» **WHAT THE TASK ASKS**
Output the lines from the one holding "BrandiWRLD 999 online" to the end of the entries that follow, exactly and only those, minus any pictures.

» **DATA SECTION**
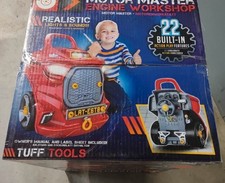 Motor Master Engine Workshop 50 Pieces +3 Ans 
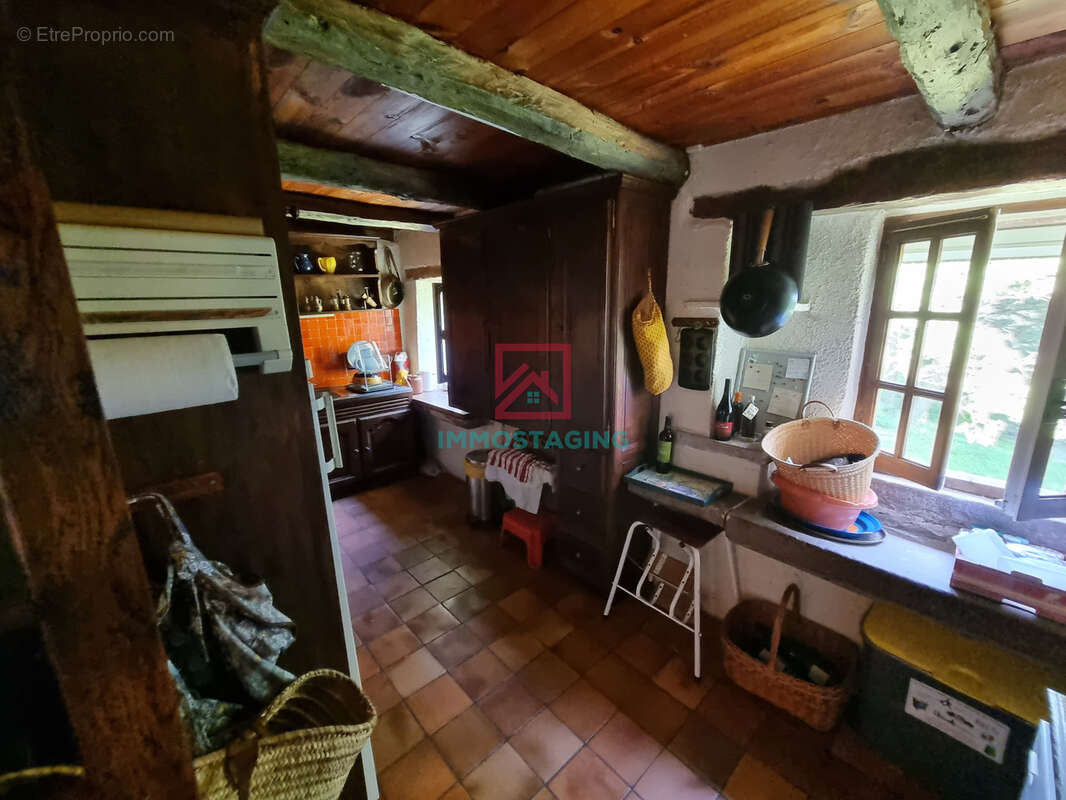 Maison à SAINT-AFFRIQUE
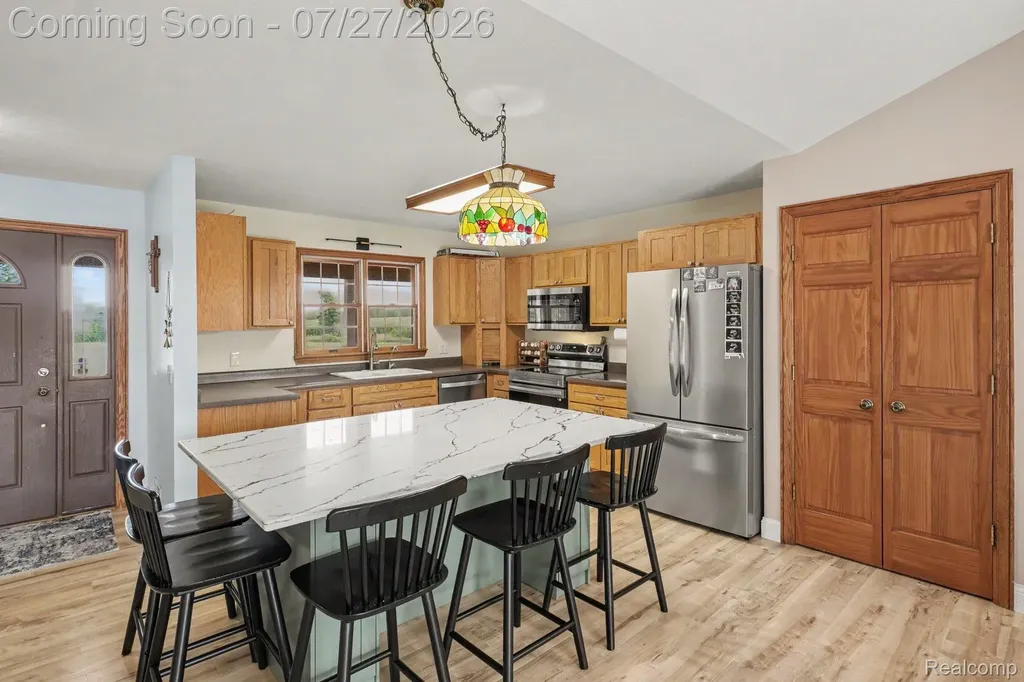 3064 S Reed Road Vernon Township MI 48429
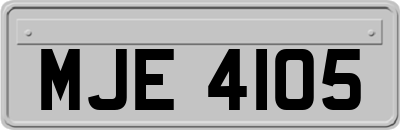 MJE4105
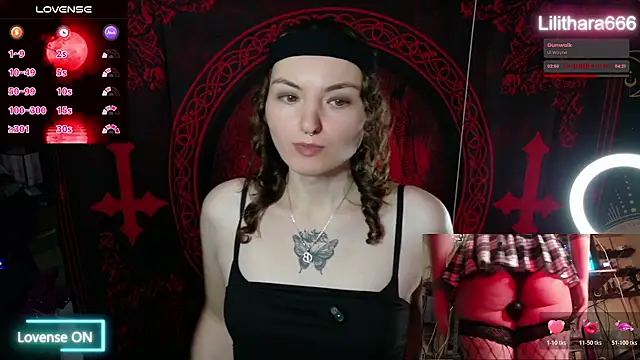 BrandiWRLD 999 online show from 11-23-25, 07:13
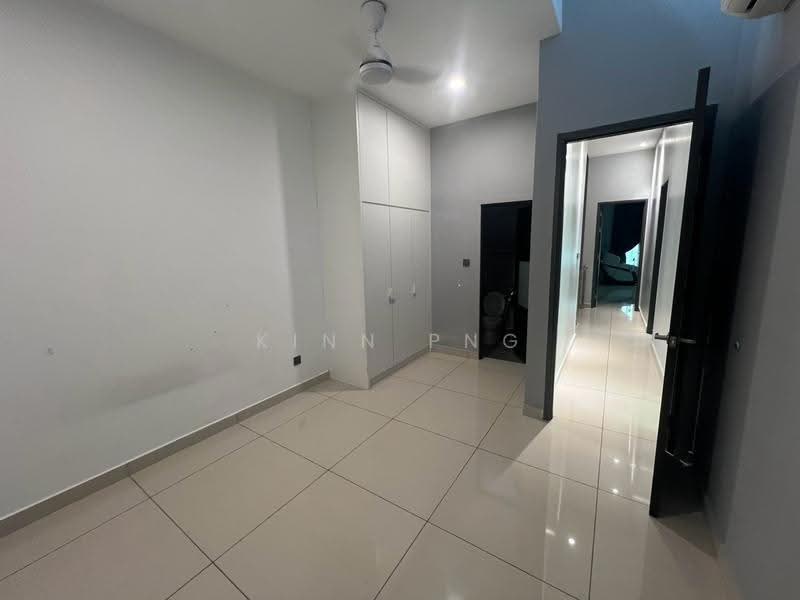 Rumah Kluster untuk Dijual di Skudai (Johor) - Kinn Png - Corridor - PropertyGuru.com.my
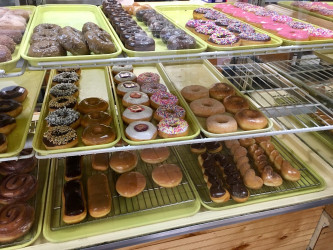 Zak's Donuts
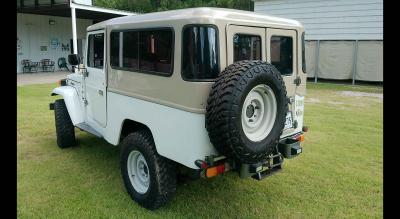 1980 Toyota FJ43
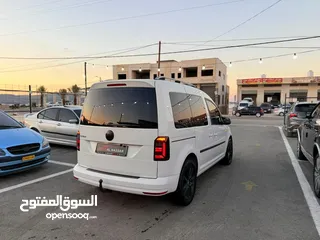  5 فولكس فاجن كادي ترخيص 2020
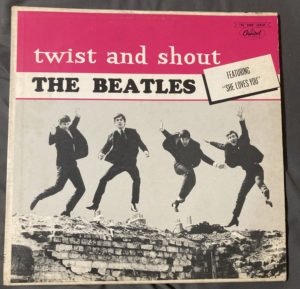 The Beatles Twist and Shout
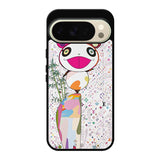 takashi murakami X02139 Google Pixel 10 Pro Case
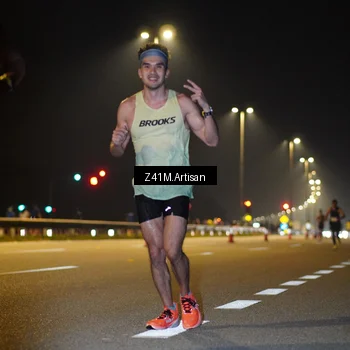 Runner Photo 7298909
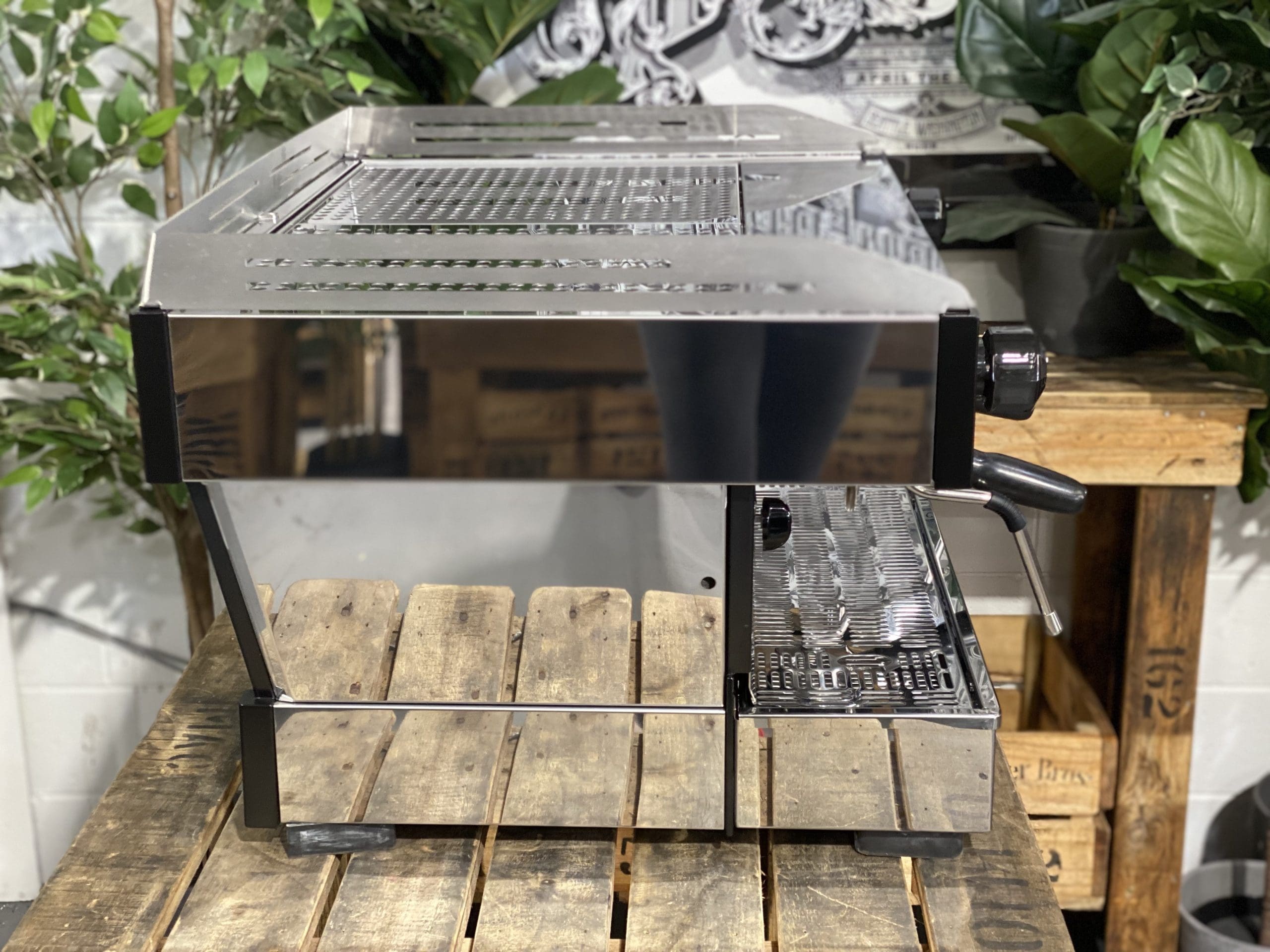 La Marzocco Linea PB Stainless Steel Cup 2 Group - 29352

» **REPLY TO THE EXERCISE**
 BrandiWRLD 999 online show from 11-23-25, 07:13
 Rumah Kluster untuk Dijual di Skudai (Johor) - Kinn Png - Corridor - PropertyGuru.com.my
 Zak's Donuts
 1980 Toyota FJ43
  5 فولكس فاجن كادي ترخيص 2020
 The Beatles Twist and Shout
 takashi murakami X02139 Google Pixel 10 Pro Case
 Runner Photo 7298909
 La Marzocco Linea PB Stainless Steel Cup 2 Group - 29352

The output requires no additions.